■ What the exercise asks:
Locate the line bearing "Chalet Almblick mit" in the material below, then reproduce it and each following line up to and including the line bearing "a kitchen and".

■ The data:
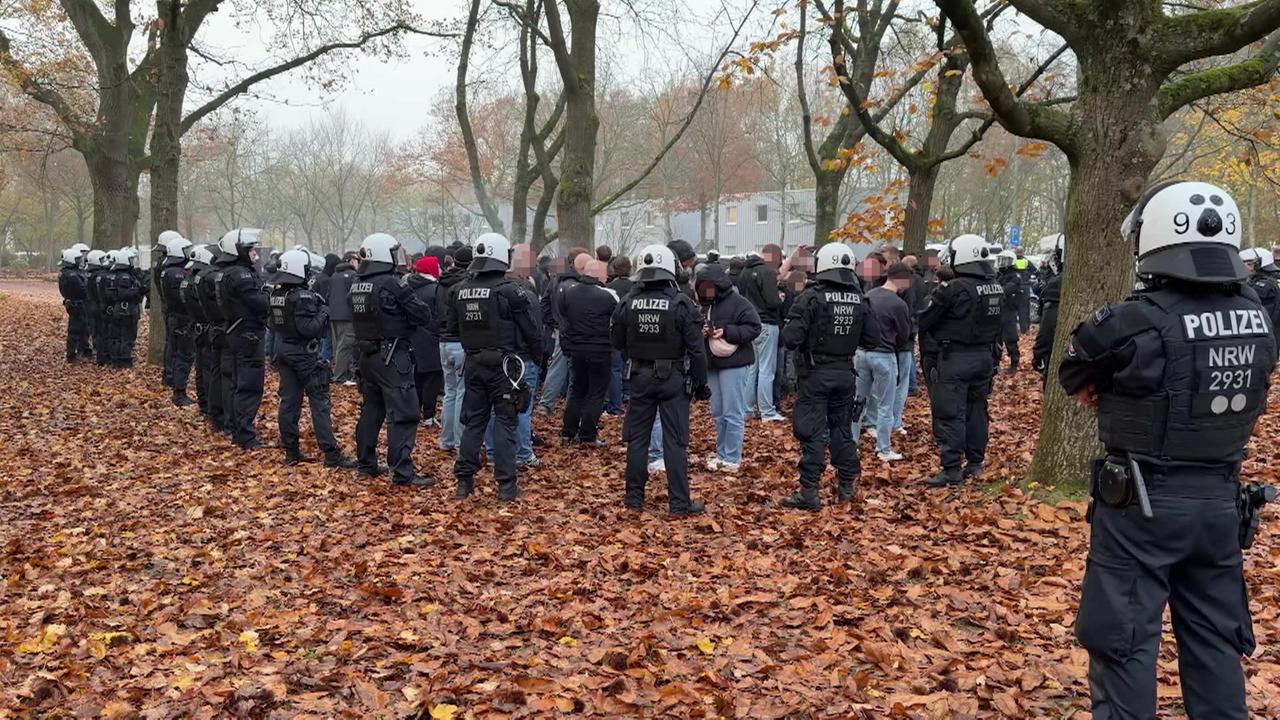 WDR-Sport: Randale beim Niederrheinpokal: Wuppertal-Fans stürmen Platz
--
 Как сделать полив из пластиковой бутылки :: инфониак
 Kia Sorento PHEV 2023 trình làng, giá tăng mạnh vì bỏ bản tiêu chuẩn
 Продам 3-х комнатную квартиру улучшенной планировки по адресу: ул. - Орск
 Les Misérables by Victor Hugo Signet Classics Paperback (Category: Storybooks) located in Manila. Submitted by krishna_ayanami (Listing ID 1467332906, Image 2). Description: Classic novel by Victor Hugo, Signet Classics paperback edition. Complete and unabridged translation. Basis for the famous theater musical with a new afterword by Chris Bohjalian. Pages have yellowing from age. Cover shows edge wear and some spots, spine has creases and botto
* * *
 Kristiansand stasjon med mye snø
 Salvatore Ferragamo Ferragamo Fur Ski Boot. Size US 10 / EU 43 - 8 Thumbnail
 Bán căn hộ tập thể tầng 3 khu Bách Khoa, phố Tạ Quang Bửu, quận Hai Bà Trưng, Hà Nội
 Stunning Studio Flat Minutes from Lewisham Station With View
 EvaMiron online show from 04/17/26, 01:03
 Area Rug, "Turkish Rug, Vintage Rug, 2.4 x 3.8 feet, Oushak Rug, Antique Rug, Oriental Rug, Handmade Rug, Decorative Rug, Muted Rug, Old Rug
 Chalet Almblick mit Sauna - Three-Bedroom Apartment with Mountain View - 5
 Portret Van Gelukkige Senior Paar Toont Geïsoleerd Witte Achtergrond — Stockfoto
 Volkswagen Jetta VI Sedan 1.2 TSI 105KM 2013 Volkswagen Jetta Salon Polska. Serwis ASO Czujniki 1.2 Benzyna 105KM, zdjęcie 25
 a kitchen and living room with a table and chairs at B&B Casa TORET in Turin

■ Response:
 Chalet Almblick mit Sauna - Three-Bedroom Apartment with Mountain View - 5
 Portret Van Gelukkige Senior Paar Toont Geïsoleerd Witte Achtergrond — Stockfoto
 Volkswagen Jetta VI Sedan 1.2 TSI 105KM 2013 Volkswagen Jetta Salon Polska. Serwis ASO Czujniki 1.2 Benzyna 105KM, zdjęcie 25
 a kitchen and living room with a table and chairs at B&B Casa TORET in Turin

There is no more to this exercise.